┌─ DATASET EXTRACT

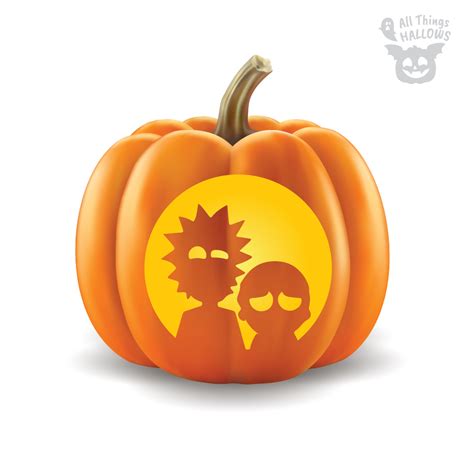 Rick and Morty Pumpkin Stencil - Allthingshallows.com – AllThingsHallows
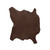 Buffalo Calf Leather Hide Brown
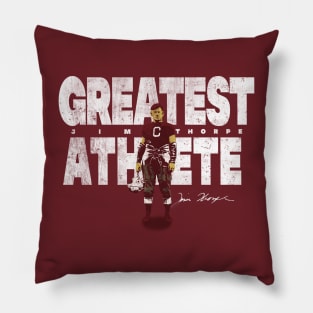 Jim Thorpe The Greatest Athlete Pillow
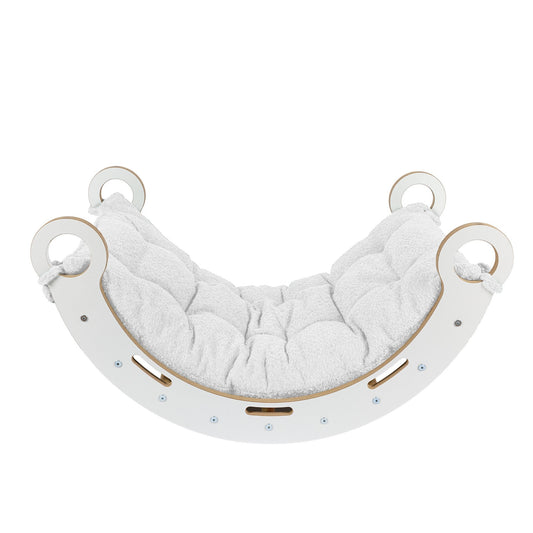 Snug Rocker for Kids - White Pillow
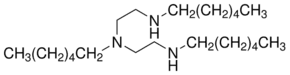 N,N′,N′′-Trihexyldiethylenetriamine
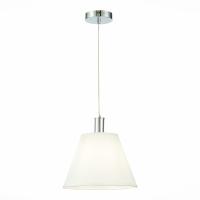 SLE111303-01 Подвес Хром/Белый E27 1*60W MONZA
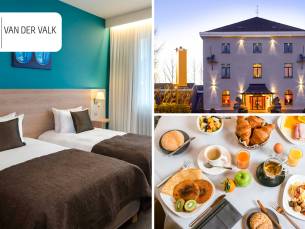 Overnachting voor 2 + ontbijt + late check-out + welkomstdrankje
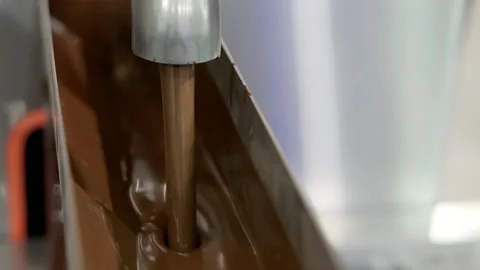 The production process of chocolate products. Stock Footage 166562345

└─

- _ASSIGNMENT_
In full and without change, repeat the material above, minus the pictures.

- _TASK SOLUTION_
 Rick and Morty Pumpkin Stencil - Allthingshallows.com – AllThingsHallows
 Buffalo Calf Leather Hide Brown
 Jim Thorpe The Greatest Athlete Pillow
 Snug Rocker for Kids - White Pillow
 N,N′,N′′-Trihexyldiethylenetriamine
 SLE111303-01 Подвес Хром/Белый E27 1*60W MONZA
 Overnachting voor 2 + ontbijt + late check-out + welkomstdrankje
 The production process of chocolate products. Stock Footage 166562345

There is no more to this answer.